Set down the data that follows again, exactly as written.

*** Opening SUPPLIED INFORMATION ***

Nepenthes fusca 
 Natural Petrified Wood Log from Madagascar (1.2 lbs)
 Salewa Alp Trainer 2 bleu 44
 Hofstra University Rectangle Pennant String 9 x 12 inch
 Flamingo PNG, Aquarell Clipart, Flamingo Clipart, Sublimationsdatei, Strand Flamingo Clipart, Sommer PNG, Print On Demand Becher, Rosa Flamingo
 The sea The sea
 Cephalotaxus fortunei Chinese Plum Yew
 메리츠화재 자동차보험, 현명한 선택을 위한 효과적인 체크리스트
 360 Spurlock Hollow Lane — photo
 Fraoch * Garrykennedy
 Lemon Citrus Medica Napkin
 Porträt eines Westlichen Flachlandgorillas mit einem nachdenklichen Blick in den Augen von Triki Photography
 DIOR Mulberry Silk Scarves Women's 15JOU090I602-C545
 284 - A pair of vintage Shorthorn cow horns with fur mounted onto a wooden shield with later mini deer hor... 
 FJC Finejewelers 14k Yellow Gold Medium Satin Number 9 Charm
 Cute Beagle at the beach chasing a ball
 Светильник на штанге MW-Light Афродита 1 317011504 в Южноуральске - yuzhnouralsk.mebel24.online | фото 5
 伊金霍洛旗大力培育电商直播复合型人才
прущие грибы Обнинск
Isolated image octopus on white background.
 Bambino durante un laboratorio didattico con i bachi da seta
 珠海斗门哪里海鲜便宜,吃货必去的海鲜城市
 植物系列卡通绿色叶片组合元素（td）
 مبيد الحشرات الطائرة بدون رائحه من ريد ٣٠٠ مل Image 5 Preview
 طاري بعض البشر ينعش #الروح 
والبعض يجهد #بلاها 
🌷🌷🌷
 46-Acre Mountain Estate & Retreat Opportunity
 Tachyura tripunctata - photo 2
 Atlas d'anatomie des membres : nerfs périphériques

*** Closing SUPPLIED INFORMATION ***

→ **ANSWER SECTION**
Nepenthes fusca 
 Natural Petrified Wood Log from Madagascar (1.2 lbs)
 Salewa Alp Trainer 2 bleu 44
 Hofstra University Rectangle Pennant String 9 x 12 inch
 Flamingo PNG, Aquarell Clipart, Flamingo Clipart, Sublimationsdatei, Strand Flamingo Clipart, Sommer PNG, Print On Demand Becher, Rosa Flamingo
 The sea The sea
 Cephalotaxus fortunei Chinese Plum Yew
 메리츠화재 자동차보험, 현명한 선택을 위한 효과적인 체크리스트
 360 Spurlock Hollow Lane — photo
 Fraoch * Garrykennedy
 Lemon Citrus Medica Napkin
 Porträt eines Westlichen Flachlandgorillas mit einem nachdenklichen Blick in den Augen von Triki Photography
 DIOR Mulberry Silk Scarves Women's 15JOU090I602-C545
 284 - A pair of vintage Shorthorn cow horns with fur mounted onto a wooden shield with later mini deer hor... 
 FJC Finejewelers 14k Yellow Gold Medium Satin Number 9 Charm
 Cute Beagle at the beach chasing a ball
 Светильник на штанге MW-Light Афродита 1 317011504 в Южноуральске - yuzhnouralsk.mebel24.online | фото 5
 伊金霍洛旗大力培育电商直播复合型人才
прущие грибы Обнинск
Isolated image octopus on white background.
 Bambino durante un laboratorio didattico con i bachi da seta
 珠海斗门哪里海鲜便宜,吃货必去的海鲜城市
 植物系列卡通绿色叶片组合元素（td）
 مبيد الحشرات الطائرة بدون رائحه من ريد ٣٠٠ مل Image 5 Preview
 طاري بعض البشر ينعش #الروح 
والبعض يجهد #بلاها 
🌷🌷🌷
 46-Acre Mountain Estate & Retreat Opportunity
 Tachyura tripunctata - photo 2
 Atlas d'anatomie des membres : nerfs périphériques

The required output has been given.